Tuesday, January 31, 2017

Grebeg Sudiro – Sebuah Dialog Budaya

Indonesia adalah sebuah negara multi etnis. Salah satu etnis yang memiliki sejarah panjang di negeri ini adalah etnis tionghoa. Tidak hanya secara ekonomi, budaya –budaya masyarakat peranakan tionghoa mempengaruhi banyak kebudayaan Indonesia. Salah satunya adalah festival Imlek yang diadakan di berbagai daerah dengan kultur budaya tionghoa yang kuat.

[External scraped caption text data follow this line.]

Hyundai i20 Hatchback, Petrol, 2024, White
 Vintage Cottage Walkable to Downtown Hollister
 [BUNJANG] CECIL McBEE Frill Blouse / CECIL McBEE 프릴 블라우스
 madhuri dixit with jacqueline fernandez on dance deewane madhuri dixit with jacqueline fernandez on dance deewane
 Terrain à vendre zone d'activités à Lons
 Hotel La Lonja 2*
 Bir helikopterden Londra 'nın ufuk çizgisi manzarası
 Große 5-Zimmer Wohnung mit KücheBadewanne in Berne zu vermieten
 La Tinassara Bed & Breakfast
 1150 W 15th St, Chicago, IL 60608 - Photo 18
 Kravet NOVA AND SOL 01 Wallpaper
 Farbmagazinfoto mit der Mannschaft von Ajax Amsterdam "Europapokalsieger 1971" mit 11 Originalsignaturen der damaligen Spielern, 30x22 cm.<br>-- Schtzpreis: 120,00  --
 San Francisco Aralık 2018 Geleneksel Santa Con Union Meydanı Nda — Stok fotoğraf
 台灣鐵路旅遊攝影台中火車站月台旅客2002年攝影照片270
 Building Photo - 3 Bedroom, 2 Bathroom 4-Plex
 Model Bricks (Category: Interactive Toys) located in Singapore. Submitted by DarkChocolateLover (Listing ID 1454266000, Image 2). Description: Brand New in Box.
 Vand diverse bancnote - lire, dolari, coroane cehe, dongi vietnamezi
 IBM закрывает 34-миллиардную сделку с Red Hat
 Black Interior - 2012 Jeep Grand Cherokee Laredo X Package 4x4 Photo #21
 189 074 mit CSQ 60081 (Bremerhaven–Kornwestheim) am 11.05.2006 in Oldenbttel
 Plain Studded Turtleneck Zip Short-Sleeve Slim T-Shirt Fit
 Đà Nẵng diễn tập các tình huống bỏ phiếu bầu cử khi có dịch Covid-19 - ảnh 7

Bagi warga solo pasti tidak asing dengan yang namanya Grebeg Sudiro. Bagi warga yang dari luar Solo seperti saya, well, perlu browsing dan tanya – tanya dulu. Hehehe.

Jadi apa itu Grebeg Sudiro?
Kalau orang Jawa pasti tahu apa itu grebeg. Grebeg adalah sebuah tradisi bagi masyarakat Jawa untuk menyambut acara-acara besar seperti Maulud Nabi dan Suro (Tahun Baru Jawa). Umumnya acara grebeg diawali dengan doa dan puncak acaranya adalah perebutan gunungan yagn biasanya berisi hasil bumi. Hasil bumi berbentuk gunungan ini biasanya adalah sedekah dari keraton untuk masyarakat sebagai bentuk syukur kepada Tuhan. Masyarakat Jawa, terutama sekitar keraton, percaya bahwa jika kita mendapatkan bagian dari gunungan tersebut (meskipun cuma lidinya saja) bisa mendapatkan berkah tersendiri.

Lalu bagaimana dengan Grebeg Sudiro? Dalam Grebeg Sudiro gunungan yang biasanya berisi hasil bumi berganti dengan ribuan kue kranjang, kue khas masyarakat etnis tionghoa saat menyambut tahun baru Imlek, yang diarak sepanjang kawasan Sudiroprajan. Kawasan Sudiroprajan sendiri adalah sebuah kelurahan di kecamatan Jebres di kota Solo. Kawasan ini merupakan kawasan yang ditempati oleh warga China peranakan. Di kawasan ini mereka hidup berdampingan  dengan masyarakat Jawa.
Proses arak-arakan Grebeg Sudiro diikuti gabungan kesenian tradisional tionghoa seperti liong dan barongsai, serta kesenian jawa seperti tarian tradisional dan reog. Bahkan kesenian-kesenian kontempores juga turut mengisi perarakan ini.  Arak-arakan ini akan berhenti di depan Klenteng Tien Kok sie di Pasar Gede. Perayaan ini juga mengawali dinyalakannya lentera atau lampion-lampion untuk menyambut Tahun Baru Imlek.
lampion di depan jendela Pasar Gede
Berbeda dengan Grebeg  Suro yang merupakan sebuah budaya dari masa lalu, Grebeg Sudiro adalah sebuah tradisi baru. Perayaan ini dimulai tahun 2007, meniru perayaan Grebeg Suro.  Meskipun begitu perayaan ini bukanlah perayaan yang tiba-tiba ada. Perayaan Grebeg Sudiro yang sudah dimulai sejak tujuh hari menjelang Tahun Baru Imlek ini adalah lanjutan dari tradisi lama yang disebut Buk Teko. Menurut Wikipedia, Buk Teko adalah sebuah tradisi syukuran menjelang Tahun Baru Imlek. Tradisi lama ini sudah dirayakan sejak Sampeyan Dalem Ingkang Sinuhun Kanjeng Susuhunan Paku Buwono X (1893-1939).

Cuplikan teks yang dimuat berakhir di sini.